La cirugía bariátrica es una cirugía mayor. Su práctica es cada vez más frecuente para tratar la obesidad mórbida, siendo el  resultado de tres factores:

• Nuestro conocimiento actual de los riesgos significativos que la obesidad mórbida representa para la salud.

• El grado relativamente bajo de riesgo y complicaciones de los procedimientos, comparado con el hecho de no realizar la cirugía.

• La ineficacia de los métodos no quirúrgicos actualmente utilizados para lograr una reducción de peso sostenida.

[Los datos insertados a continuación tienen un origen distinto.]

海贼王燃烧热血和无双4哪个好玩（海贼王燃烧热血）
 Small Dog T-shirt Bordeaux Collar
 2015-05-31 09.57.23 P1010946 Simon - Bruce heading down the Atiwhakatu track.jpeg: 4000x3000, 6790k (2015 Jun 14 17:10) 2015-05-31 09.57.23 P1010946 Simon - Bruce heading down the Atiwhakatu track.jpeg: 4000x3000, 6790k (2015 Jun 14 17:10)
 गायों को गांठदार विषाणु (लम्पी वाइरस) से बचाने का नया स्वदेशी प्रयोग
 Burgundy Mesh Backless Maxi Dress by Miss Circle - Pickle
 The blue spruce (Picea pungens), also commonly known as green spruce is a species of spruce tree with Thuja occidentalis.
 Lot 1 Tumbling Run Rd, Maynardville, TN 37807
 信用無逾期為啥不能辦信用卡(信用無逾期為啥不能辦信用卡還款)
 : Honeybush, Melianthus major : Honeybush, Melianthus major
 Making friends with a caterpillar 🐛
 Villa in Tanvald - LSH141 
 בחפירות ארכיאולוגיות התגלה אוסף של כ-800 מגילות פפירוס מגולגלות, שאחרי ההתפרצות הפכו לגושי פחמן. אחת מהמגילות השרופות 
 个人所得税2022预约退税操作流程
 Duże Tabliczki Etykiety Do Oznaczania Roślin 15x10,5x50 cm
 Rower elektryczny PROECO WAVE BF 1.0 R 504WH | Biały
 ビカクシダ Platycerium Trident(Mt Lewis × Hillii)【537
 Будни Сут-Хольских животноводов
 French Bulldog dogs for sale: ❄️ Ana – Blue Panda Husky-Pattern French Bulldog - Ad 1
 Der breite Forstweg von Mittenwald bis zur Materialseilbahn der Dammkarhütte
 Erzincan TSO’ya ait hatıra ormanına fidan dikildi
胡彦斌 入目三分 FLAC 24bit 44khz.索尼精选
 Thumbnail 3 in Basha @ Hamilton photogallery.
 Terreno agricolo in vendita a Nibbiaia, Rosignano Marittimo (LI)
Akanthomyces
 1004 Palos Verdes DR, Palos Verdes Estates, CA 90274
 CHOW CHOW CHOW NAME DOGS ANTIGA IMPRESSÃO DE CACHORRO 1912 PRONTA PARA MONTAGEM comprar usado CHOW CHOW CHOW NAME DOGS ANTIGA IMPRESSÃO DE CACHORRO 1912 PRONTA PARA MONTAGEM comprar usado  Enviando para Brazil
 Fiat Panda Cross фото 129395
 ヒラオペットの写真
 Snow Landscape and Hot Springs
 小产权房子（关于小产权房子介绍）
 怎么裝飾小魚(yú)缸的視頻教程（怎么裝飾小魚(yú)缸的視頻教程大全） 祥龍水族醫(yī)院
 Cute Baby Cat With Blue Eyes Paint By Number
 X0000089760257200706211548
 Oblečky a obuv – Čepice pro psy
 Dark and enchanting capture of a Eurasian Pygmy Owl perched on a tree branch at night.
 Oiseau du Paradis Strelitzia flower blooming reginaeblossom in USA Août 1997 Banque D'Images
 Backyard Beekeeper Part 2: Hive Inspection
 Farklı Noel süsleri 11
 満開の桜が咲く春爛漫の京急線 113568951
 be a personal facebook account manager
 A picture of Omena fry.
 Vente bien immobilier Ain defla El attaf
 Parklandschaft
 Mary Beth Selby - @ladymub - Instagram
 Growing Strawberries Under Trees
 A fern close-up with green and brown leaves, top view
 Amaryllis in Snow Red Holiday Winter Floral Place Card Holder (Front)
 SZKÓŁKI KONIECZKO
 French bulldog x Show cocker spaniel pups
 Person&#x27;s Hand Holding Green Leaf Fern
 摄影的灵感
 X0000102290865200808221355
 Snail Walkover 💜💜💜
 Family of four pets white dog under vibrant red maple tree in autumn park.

Ante todo, la cirugía se debe considerar como un método destinado a aliviar una enfermedad crónica que debilita a quien la sufre. En la mayoría de los casos, el requisito mínimo para ser tenido en cuenta como candidato para el procedimiento es estar 45 Kg  por encima del peso corporal ideal o tener un Índice de Masa Corporal (IMC) de 40 ó más.

Ocasionalmente se considerará practicarle el procedimiento a alguien con un IMC de 30 o más, si el médico del paciente determina que las condiciones de salud relacionadas con la obesidad han indicado la necesidad médica de bajar de peso y si, en concepto del doctor, la cirugía parece ser la única manera de lograrlo. En muchos casos, antes de aprobar la cirugía, se les exige a los pacientes pruebas de que han sido ineficaces sus esfuerzos por perder peso mediante dietas. Sin embargo, es más importante el compromiso del paciente con el seguimiento continuo que se requiere a largo plazo.

La mayoría de los cirujanos les pide a los pacientes que demuestren una motivación seria y una comprensión clara de las instrucciones dietéticas, de ejercicio y de cuidado médico que deben seguir por el resto de su vida, después de la intervención quirúrgica (véase «Lo que viene después de la Cirugía»).